Yan Wei-Jie, Hussain Hasnain, Chung Hung Hui, Julaihi Norzainizul, Tommy Rina
Centre for Sago Research (CoSAR), Faculty of Resource Science and Technology, Universiti Malaysia Sarawak, 94300 Kota Samarahan, Sarawak, Malaysia.
Faculty of Resource Science and Technology, Universiti Malaysia Sarawak, 94300 Kota Samarahan, Sarawak, Malaysia.
Data Brief. 2022 Feb 3;41:107908. doi: 10.1016/j.dib.2022.107908. eCollection 2022 Apr.
Sago palm ( Rottb.) is an important agricultural starch-producing palm that contributes to Malaysia's economics, especially in the State of Sarawak, Malaysian Borneo. In this palm tree, the central part of the plant storage-starch. Under normal condition, sago palm develop its trunk after 4-5 years being planted. However, sago palms planted on deep-peat soil failed to develop their trunk even after 17 years of being planted. This phenomenon is known as 'non-trunking', which eliminates the economic value of the palms. Numerous research has been done to address the phenomenon, but the molecular mechanisms of sago palm responding toward the responsible stresses are still lacking. Therefore, in this study, leaf samples were collected from trunking (normal) and non-trunking sago palms planted on peat soil for total RNA extraction, followed by next-generation sequencing using the BGISEQ-500 platform. The raw reads were cleaned, and assembled using TRINITY software package. A total of 40.11 Gb bases were sequenced from the sago palm leaf samples. The assembled sequence produced 102,447 unigenes, with N50 score 1809 bp and GC ratio of 44.34%. The alignment of unigenes with seven functional databases (NR, NT, GO, KOG, KEGG, SwissProt and InterPro) resulted in the annotation of 65,523 (63.96%) unigenes.
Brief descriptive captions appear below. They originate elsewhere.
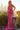 pink v neck dress 08462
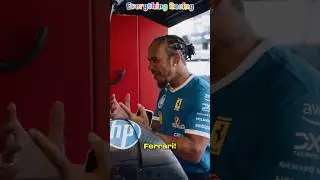 Lewis Hamilton can't resist imitating Ferrari fans at the Italian GP #lewishamilton #italiangp #f1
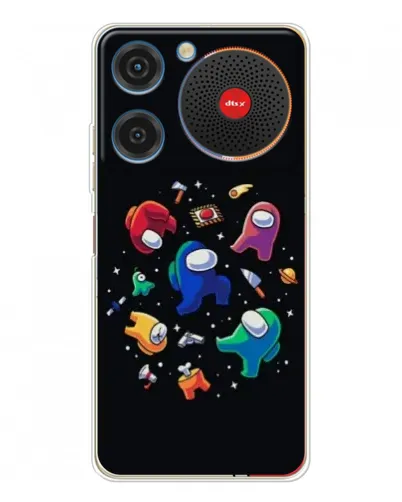 Чехол для ZTE Nubia Music с картинкой «Among Us космос»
Functional annotation results in the detection of 46,335 coding DNA sequences by Transdecoder. A total of 30,039 simple-sequence repeats distributed on 21,676 unigenes were detected using Primer3 software, and 2355 transcription factor coding unigenes were predicted using getorf and hmmseach software. This work is registered under NCBI BioProject PRJNA781491. The raw RNA sequencing data are available in Sequence Read Archive (SRA) database with accession numbers SRX13165895, SRX13165896, SRX13165897, SRX13165898, SRX13165899, and SRX13165900. Gene expression and annotation information are accessible in public functional genomics data repository Gene Expression Omnibus (GEO) with accession number GSE189085.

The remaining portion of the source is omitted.